19-03-2010, 10:53
![[Obrazek: kobebryant.jpg]](http://img175.imageshack.us/img175/4776/kobebryant.jpg)
Imię: Kobe Bean Bryant
Urodzony: 23 sierpień, 1978, Philadelphia, Pensylwania, USA
Wzrost:198 cm
Waga: 92/93 kg
Pozycja: SG( rzucający obrońca)
Klub: Los Angeles Lakers
Numer: 24( do końca sezonu 2006/2007 numer 8)
Rekordy kariery:
Punkty- 81 vs Raptors 22.01.2006
Asysty: 15 vs Wizards 12.02.2002
Zbiórki: 16 vs Raptors 24.01.2010
Zbiórki w ataku: 8 vs Mavericks 18.04.2000
Zbiórki w obronie: 13
Bloki: 3 razy po 5
Przechwyty: 7 vs Utah Jazz
Minuty: 54 ( 3 razy)
Celne rzuty z pola: 28 vs Raptors 22.01.2006
Celne rzuty za trzy: 12 vs Sonics 07.01.2003
Celne rzuty osobiste: 23( dwa razy)
Nagrody: 4 krotny mistrz NBA 2000-2002, 2009, Mistrz IO w Pekinie wraz z Reedem
Teamem, MVP Finale 2009, MVP RS 2008, 3 krotny MVP Meczu Gwiazd
( 2002,2007,2009), dwukrotny król strzelców(2006,2007), 11 razy uczestnik All
Star Game, 11 razy wybrany do All NBA Team( 7 razy pierwsza piątka), 9 razy
wybrany do All NBA Defensive Team ( 7 razy pierwsza piątka), zwycięzca SDC w
1997 roku,
Bio:
Przed NBA
Jest jedynym synem Pameli i Joe( miał też dwie siostry: Sharia i Shaya). Jego ojciec jest byłym zawodnikiem NBA, gdzie zagrał 8 sezonów, w barwach 76-ers, San Diego Clippers i Houston Rockers, zaliczając w sumie 606 meczów i notując przeciętne 8,7 pts, 4,6 reb i 1,7 ast na mecz.

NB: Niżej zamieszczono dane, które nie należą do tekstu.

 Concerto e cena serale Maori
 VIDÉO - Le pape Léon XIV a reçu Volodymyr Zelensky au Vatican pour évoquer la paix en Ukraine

Imię Kobe jak powszechnie wiadomo pochodzi od nazwy steku wołowego( jedni piszą że to był ulubiony stek jego taty, a inni, ze wpadł mu w oczy w dniu jego narodzin)
Zanim trafił do NBA zdobył uznanie w kraju poprzez świetną grę w Lower Marion High School w dzielnicy Philadelphi. W swoim ostatnim roku gry poprowadził drużynę do pierwszego mistrzostwa stanowego w 53 letniej historii, notując średnie 30,8 pts, 12 reb, 6,5 ast, 4,0 stl i 3,8 blk na mecz , co w dużej mierze przełożyło się na świetny bilans drużyny(31-3).Karierę zakończył jako historyczny rekordzista Południowej Pensylwanii w liczbie punktów( 2883 punkty) bijąc co ciekawe rekord słynnego Wilta Chamberlaina, oraz zdobywając szereg różnego rodzaju nagród. Już wtedy zaczęło się nim bardzo interesowac NBA( min. został zaproszony na trening z miejscowymi 76-ers i grał jeden na jeden z ówczesną gwiazdą teamu Jerzym Stackhousem, którym raz nawet udało mu się wygrać)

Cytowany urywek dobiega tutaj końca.